I had a bit of a dilemma. We’re meat eaters. We LOVE our meat. But I also have a conscience, and learning about how mass produced meat and eggs are really produced makes you not want to support that business model. And when I realized that becoming a vegan isn’t going to be able to move the needle, because it’s too challenging of a lifestyle to ever reach mass acceptance and ultimately kill factory farming, I decided that I would instead have to find another way to put my money – literally – where my mouth is.

If you, like me, are lucky enough to have discretionary income – enough money that you can go out to eat at restaurants occasionally, buy some $3 cup of coffee at the local coffee shop every morning before work, and have high-speed internet access at your house, then you have enough money to have the luxury of making REAL choices about the food you eat. You can afford to speak for the animals, if you so choose, and that is certainly the choice I and my family have made.

Only recently did I learn that my choices had a name – humaneitarianism.
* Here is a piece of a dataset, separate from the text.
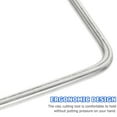 thumbnail image 3 of SHISUYAN 1 Set Stainless Steel Diy Making Clay Cutting Tool Pottery Clay Slicing Cutter Modeling Clay Cutting Tool, 3 of 8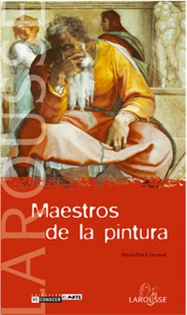 Books Frontpage Maestros de la pintura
The premise is simple – only eat meat when you know that the meat has been humanely raised and processed (the Humaneitarian.org web site has great information on what that means, and help for you to determine what that means for you), and if you don’t know that the meat has been humanely raised and processed, then forego meat for that meal. Spend more per pound on the meat you choose to eat (you will have to to support the local, family farms that raise and process animals humanely), but just eat less meat overall. In the end, if more people chose to be humaneitarian, the better our health would be, the better our environment would be, and the better our communities would be. Isn’t that worth it?

 

One Response to “On being a humaneitarian”

  1. Very interesting post, Deborah. I found it by searching for photos of “pigs” for a post I am working on.

    I applaud anyone who has taken steps to reduce their consumption of animals!